Following Einstein on the Beach by an interval of five years, Philip Glass' second operatic venture, Satyagraha, was more lucid in its structure and scope than its delightfully fragmentary and often unintelligible predecessor; it refined and tempered the musico-dramatic experiments from the first opera to create a vivid and moving theatrical experience. Although Einstein on the Beach created an international buzz and made Glass a celebrity virtually overnight, its monumental scale made it financially problematic and left Glass with little money. While working as a plumber and cab driver, Glass looked in vain for a new commission from an American opera company; finally it was the Netherlands Opera that provided him the opportunity to produce a new work, on the condition that it would be a "real opera" -- that is, one that would have more coherent plot than Einstein and that would be scored for the traditional operatic voices and orchestra.
For his subject matter, Glass returned to an idea that had been rejected by Einstein on the Beach collaborator Robert Wilson: Gandhi.
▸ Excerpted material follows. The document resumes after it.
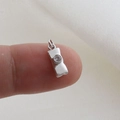Macro shot of tiny silver padlock charm with zircon inlay held on a fingertip - Silver Bezel Setting Style (20)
As in Einstein, Glass chose not to attempt an all-encompassing narrative, but rather offered what he called a "portrait opera" of the famous political figure. The opera focuses on an early period in Gandhi's life, when a year-long stint in South Africa as a legal aide led him into his life's work as an activist and political reformer. The philosophy of passive resistance that Gandhi developed during those years was given the name "Satyagraha," which translates (with some difficulty) as "truth-force" or "love-force." Recalling the kaleidoscopic quality of Einstein, Satyagraha moves easily through time and space, overseeing Gandhi's struggle for Indian freedom in South Africa from three outside perspectives. The first comes from Russian novelist and Nobel Prize winner Leo Tolstoy, who, according to Glass, had "the same combination of the political and the spiritual" as Gandhi. The overseer of the second act is Rabindranath Tagore, the Indian mystic and Nobel Prize-winning poet. Act Three is witnessed by Martin Luther King, Jr., who fought a battle for African Americans in the U.S. similar to the one Gandhi had fought for Indians in South Africa.
Despite the more conventional instrumental forces employed, Satyagraha maintains the streamlined sound Glass had developed with his ensemble of keyboards and winds. The orchestra for Satyagraha contains a full complement of strings (whereas Einstein had employed only a single violin), but the absence of brass and percussion and the inclusion of keyboards gives the orchestra Glass' unmistakable stamp. Likewise, the use of traditional operatic voices is overshadowed by the fact that they sing the text in the original Sanskrit, which reaches the untrained Western ear much as the numbers, solfège syllables, and ambiguous texts of Einstein on the Beach did: as a mesmerizing phonetic collage, underlaid by a pulsating, energetic score.